Ostap Baran

Institute for Condensed Matter Physics, National Academy of Sciences of Ukraine
Spin-1 Ising model with higher-degree spin terms (of an exchange as well as of a non-exchange origin) in the Hamiltonian is one of the most extensively studied models in condensed matter physics. That is so not only because of the fundamental theoretical interest arising from the richness of the phase diagram that is exhibited due to competition of interactions, but also because versions and extensions of this model can be applied for the description of simple and multi-component fluids [1-3], dipolar and quadrupolar orderings in magnets [3-5], crystals with ferromagnetic impurities [3], ordering in semiconducting alloys [6], etc. Ising model with S=1 has been investigated by different simulation and approximate techniques: using the mean-field approximation [1-4,7], effective field theory [8,9], two-particle cluster approximation [10,11], Bethe approximation [12], high-temperature series expansions [13], renormalization-group theory [14, 15], and Monte-Carlo simulations [12,16,17].
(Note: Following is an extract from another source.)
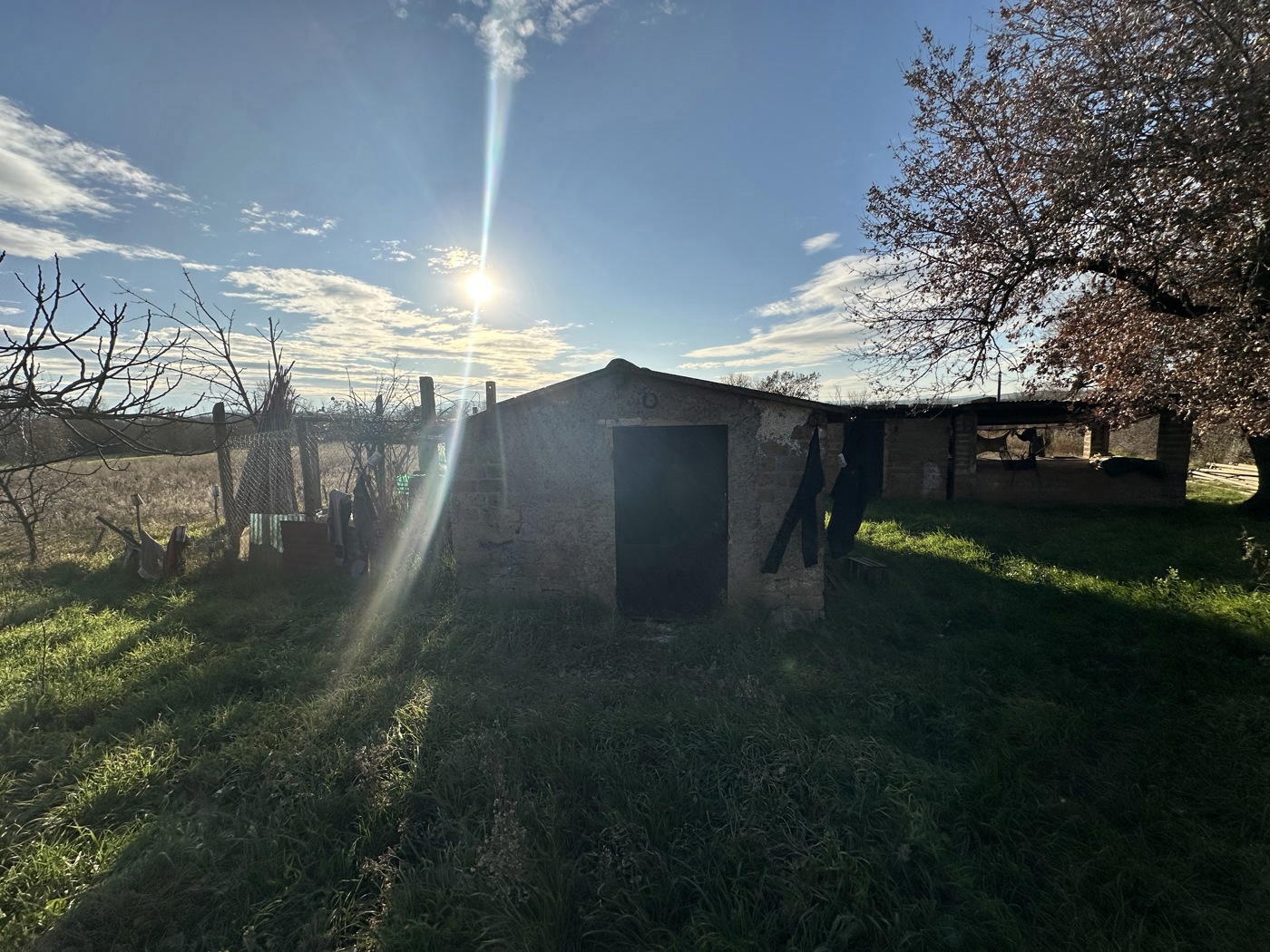 Terreno Agricolo in vendita a Nepi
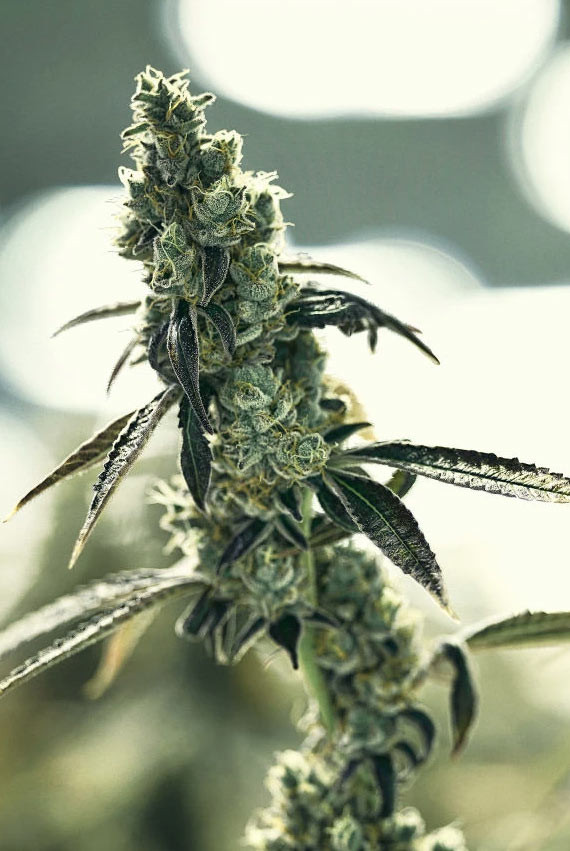 Bild einer Cannabis Blüte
[1] D. Mukamel, M. Blume. Ising model for tricritical points in ternary mixtures. Phys. Rev. A, 10 (1974) 610.
[2] D. Furman, S. Dattagupta, R.B. Griffiths. Global phase diagram for a three-component model. Phys. Rev. B, 15 (1977) 441.
[3] J. Sivardiere. In: Proc. Internat. Conf. Static critical phenomena in inhomogeneous systems, Karpacz 1984, Lecture notes in physics, 206, Springer-Verlag, Berlin 1984.
[4] H.H. Chen, P.M. Levy. Dipole and quadrupole phase transitions in spin-1 models. Phys. Rev. B, 7 (1973) 4267.
[5] E.L. Nagaev. Magnetics with complicated exchange interaction. Izd. Nauka, Moscow, 1988.
[6] K.E. Newman, J.D. Dow. Zinc-blende-diamond order-disorder transition in metastable crystalline (GaAs)1-xGe2x alloys. Phys. Rev. B, 27 (1983) 7495.
[7] W. Hoston, A.N. Berker. Multicritical phase diagrams of the Blume-Emery-Griffiths model with repulsive biquadratic coupling. Phys. Rev. Lett. 67 (1991) 1027.
[8] T. Kaneyoshi, E.F. Sarmento. The application of the differential operator method to the Blume-Emery-Griffiths model. Physica A, 152 (1988) 343.
[9] J.W. Tucker. Two-site cluster theory for the spin-one Ising model. J. Magn. Magn. Mat. 87 (1990) 16.
[10] S.I. Sorokov, R.R. Levitskii, O.R. Baran. Investigation of an Ising-type Model with an arbitrary value of spin within the two-particle cluster approximation. Blume-Emery-Griffiths Model. Ukr. Fiz. Zhurn. 41 (1996) 490.
[11] S.I. Sorokov, R.R. Levitskii, O.R. Baran. Two-particle cluster approximation for Ising type model with arbitrary value of spin. Correlation functions of Blume-Emery-Griffiths model. Cond. Matt. Phys. 9 (1997) 57.
[12] K. Kasono, I. Ono. Re-entrant phase transitions of the Blume-Emery-Griffiths model. Z. Phys. B, 88 (1992) 205.
[13] D. Saul, M. Wortis, D. Stauffer. Tricritical behavior of the Blume-Capel model. Phys. Rev. B, 9 (1974) 4964.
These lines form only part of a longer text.